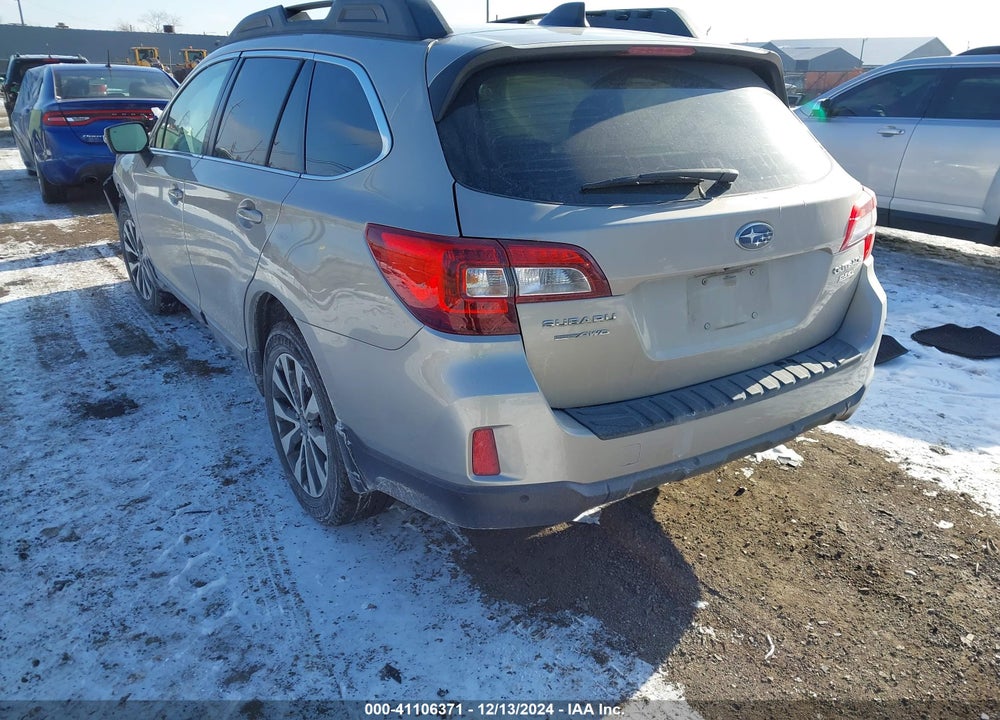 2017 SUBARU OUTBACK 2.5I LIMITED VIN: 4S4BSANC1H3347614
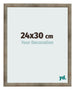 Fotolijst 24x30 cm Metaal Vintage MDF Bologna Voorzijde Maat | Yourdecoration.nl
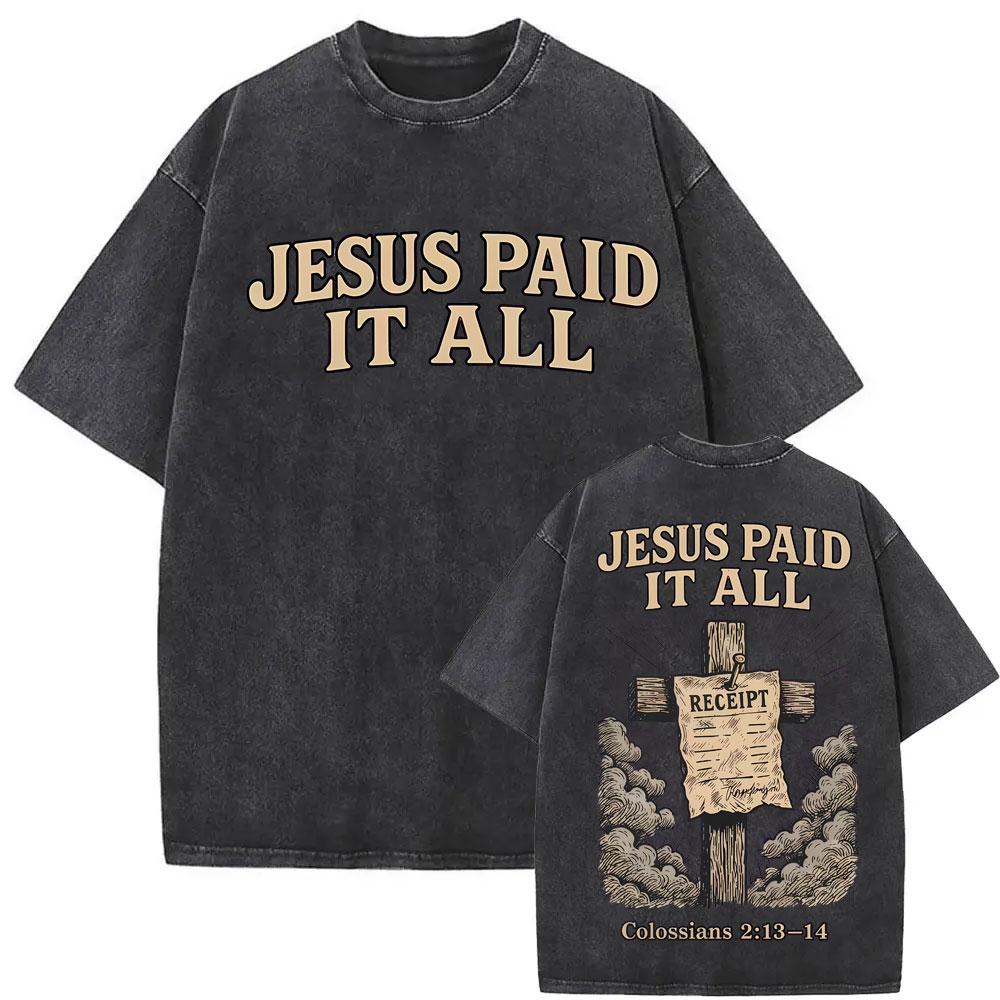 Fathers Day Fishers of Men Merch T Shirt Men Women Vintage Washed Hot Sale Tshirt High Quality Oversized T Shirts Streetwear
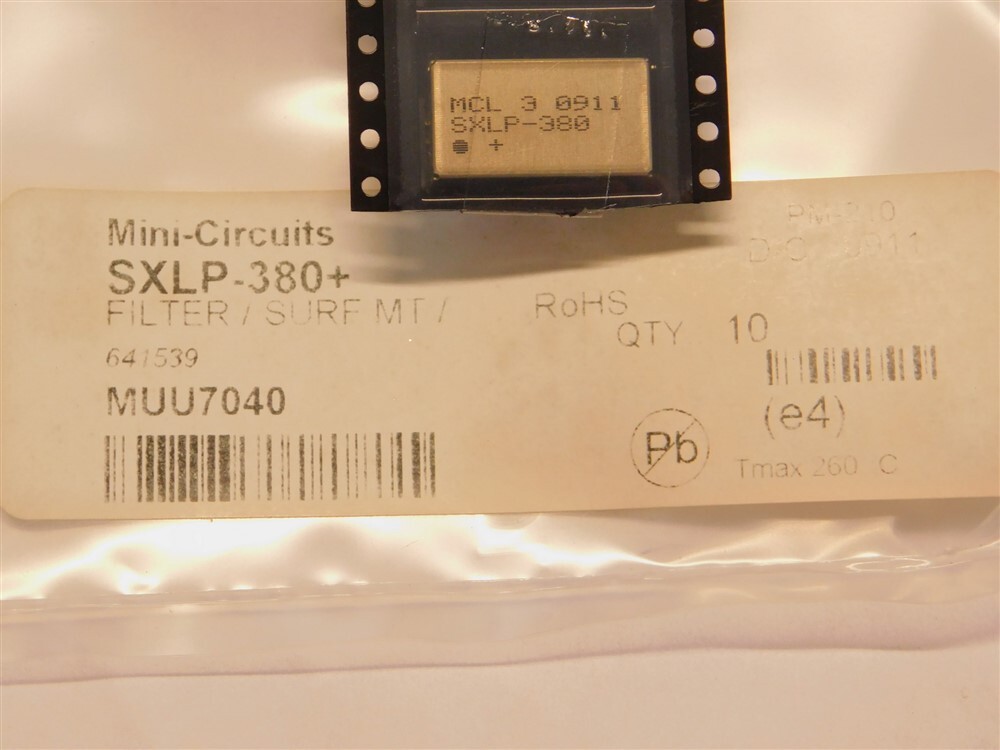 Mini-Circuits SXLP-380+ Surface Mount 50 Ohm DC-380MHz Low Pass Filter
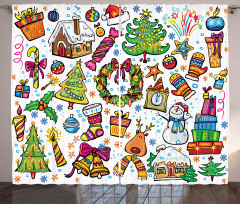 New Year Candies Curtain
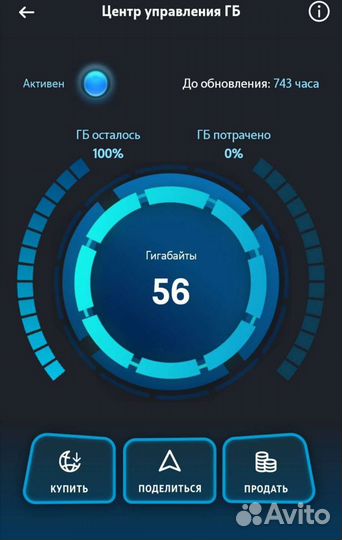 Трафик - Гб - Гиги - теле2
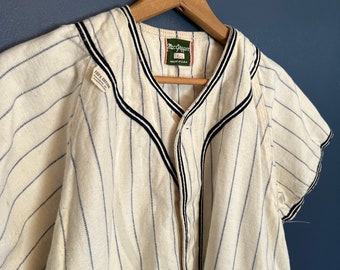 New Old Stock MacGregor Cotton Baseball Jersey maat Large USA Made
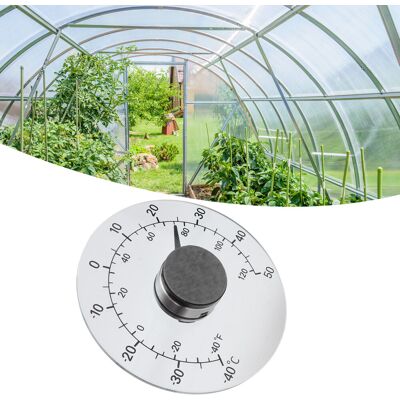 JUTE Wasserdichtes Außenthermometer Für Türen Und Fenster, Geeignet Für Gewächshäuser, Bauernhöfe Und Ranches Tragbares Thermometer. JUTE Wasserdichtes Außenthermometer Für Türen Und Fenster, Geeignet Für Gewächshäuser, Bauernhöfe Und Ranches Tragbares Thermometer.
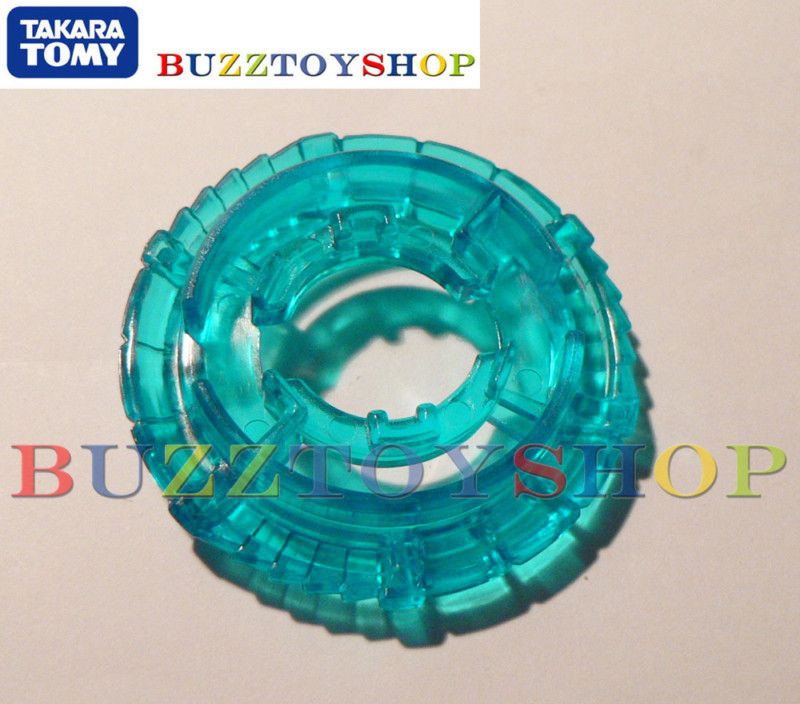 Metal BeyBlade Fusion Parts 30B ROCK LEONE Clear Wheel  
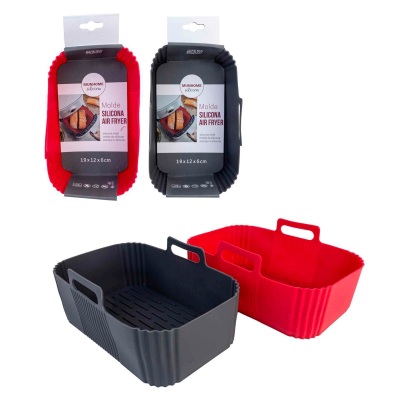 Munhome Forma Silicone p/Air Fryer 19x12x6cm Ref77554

* * *

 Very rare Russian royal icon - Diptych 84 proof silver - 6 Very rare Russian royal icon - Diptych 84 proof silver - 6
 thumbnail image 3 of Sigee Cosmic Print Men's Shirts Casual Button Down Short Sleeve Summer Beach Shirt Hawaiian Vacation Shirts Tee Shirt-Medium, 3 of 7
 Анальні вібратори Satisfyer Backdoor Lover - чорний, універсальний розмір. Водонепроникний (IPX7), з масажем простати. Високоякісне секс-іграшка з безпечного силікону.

--

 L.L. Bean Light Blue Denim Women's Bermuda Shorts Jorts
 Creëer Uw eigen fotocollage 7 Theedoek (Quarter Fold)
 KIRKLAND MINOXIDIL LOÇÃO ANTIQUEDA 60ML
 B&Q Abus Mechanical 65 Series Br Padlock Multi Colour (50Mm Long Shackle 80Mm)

TASK INSTRUCTIONS |
Leave out the images and write out the lines above exactly, from the one with "Tragbares Thermometer. JUTE" up to and including the one with "Munhome Forma Silicone".

SOLVED PROBLEM |
 JUTE Wasserdichtes Außenthermometer Für Türen Und Fenster, Geeignet Für Gewächshäuser, Bauernhöfe Und Ranches Tragbares Thermometer. JUTE Wasserdichtes Außenthermometer Für Türen Und Fenster, Geeignet Für Gewächshäuser, Bauernhöfe Und Ranches Tragbares Thermometer.
 Metal BeyBlade Fusion Parts 30B ROCK LEONE Clear Wheel  
 Munhome Forma Silicone p/Air Fryer 19x12x6cm Ref77554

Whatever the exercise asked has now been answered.